JTC1/SC22/WG14
N685
C9X Revision Proposal
=====================
WG14/N685 (J11/97-048) WG14/N685 (J11/97-048)
Title: Compatibility Issues with Union Members
Author: Tom MacDonald and Bill Homer
Author Affiliation: Cray Research, an SGI company
Postal Address: Cray Research Park
655F Lone Oak Drive
Eagan, MN 55121
USA
E-mail Address: tam@cray.com homer@cray.com
Document Number: WG14/N685 (J11/97-048)
Telephone Number: +1-612-683-5818
Fax Number: +1-612-683-5307
Sponsor: J11
Date: 08-May-1997
Proposal Category:
__ Editorial change/non-normative contribution
__ Correction
XX New feature
__ Addition to obsolescent feature list
__ Addition to Future Directions
__ Other (please specify) Change of current behavior
Area of Standard Affected:
__ Environment
XX Language
__ Preprocessor
__ Library
__ Macro/typedef/tag name
__ Function
__ Header
__ Other (please specify) ______________________________
Prior Art: Tag Compatibility
Target Audience: all C programmers
Related Documents (if any): NONE
Proposal Attached: XX Yes __ No, but what's your interest?
Abstract: A discussion is presented on how initial common
sequences in union members presents the same
problem solved by the "tag compatibility" changes.
Proposed edits to C9X to ameliorate this problem
are also provided.
======================= Cover sheet ends here ==============
Introduction:
A new issue related to the tag compatibility issue has surfaced.
As mentioned in recent email discussion of the representations of
pointers, there is an "aliasing loophole" for union objects having
structure members with a common initial sequence of members.
The issue is that the loophole as written has the (apparently
unintended) consequence of making alias analysis more difficult for
_any_ pair of pointers to different structures that happen to share a
common initial sequence.
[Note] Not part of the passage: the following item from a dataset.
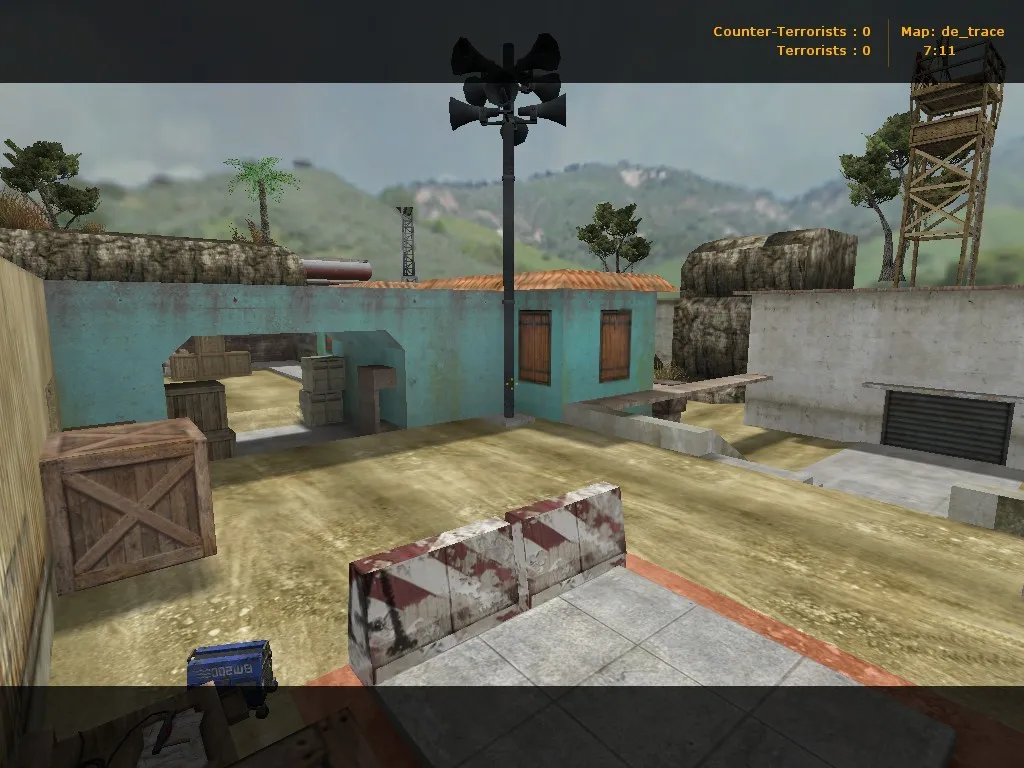 Скриншот  Карта de_trace для CS 1.6: тактики, баланс и оптимизация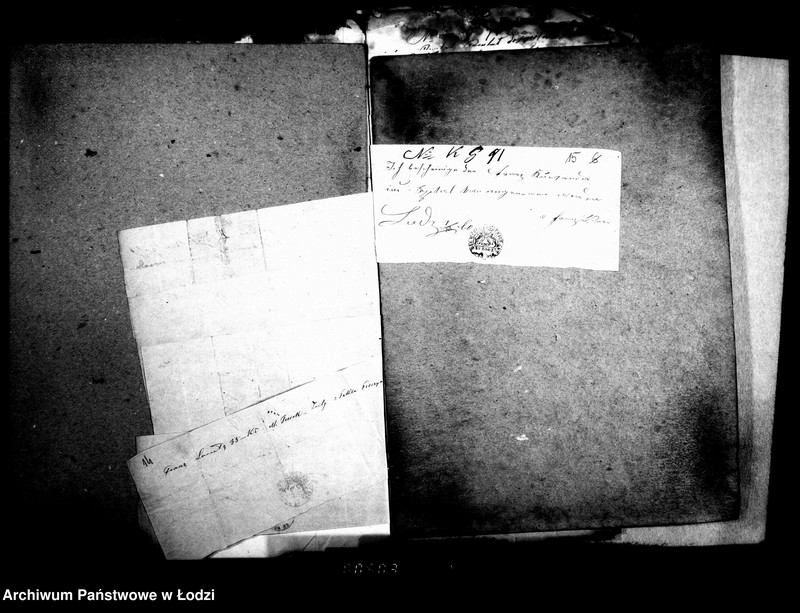 Obraz 18 z jednostki "Dowody przyjętych chorych do szpitala św. Aleksandra w Łodzi w 1861 r."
See below for details and a proposal to limit
the consequences of the loophole while still allowing programmers to
take advantage of it when convenient.
Historical perspective:
If you remember, the following example is no longer considered to be
strictly conforming:
x.c | y.c
___________________________________|________________________________
|
#include <stdio.h> | struct tag2 {
int func(); | int m1, m2;
| };
struct tag1 { | struct tag3 {
int m1, m2; | int m1, m2;
} st1; | };
|
main() { | int func(struct tag2 *pst2,
if (func(&st1, &st1)) { | struct tag3 *pst3) {
printf("optimized\n"); | pst2->m1 = 2;
} else { | pst3->m1 = 0; /* alias? */
printf("unoptimized\n"); | return pst2->m1;
} | }
} |
in that a highly optimizing compiler might produce "optimized" as
the output of the program, while the same compiler with optimization
turned off might produce "unoptimized" as the output. This is because
Translation Unit (TU) y.c defines "func" with 2 parameters each as
pointers to different structures, and TU x.c calls "func" but passes
the address of the same structure for each argument.
We made this change to help optimizers, debuggers, lint-like tools, etc.
New issue:
Consider the following:
w.c
___________________________________
#include <stdio.h>
int func();
union utag {
struct tag1 {
int m1;
double d2;
} st1;
struct tag2 {
int m1;
char c2;
} st2;
} un1;
main() {
if (similar_func(&un1.st1, &un1.st2)) {
printf("optimized\n");
} else {
printf("unoptimized\n");
}
}
Since unions are allowed to have structure members with a common initial
sequence, and you can modify one structure and then inspect the common
initial part through a different structure, most of the perceived benefit
of the new tag compatibility rules are lost.
Proposed solution:
The proposed solution is to require that a union declaration be visible
if aliases through a common initial sequence (like the above) are possible.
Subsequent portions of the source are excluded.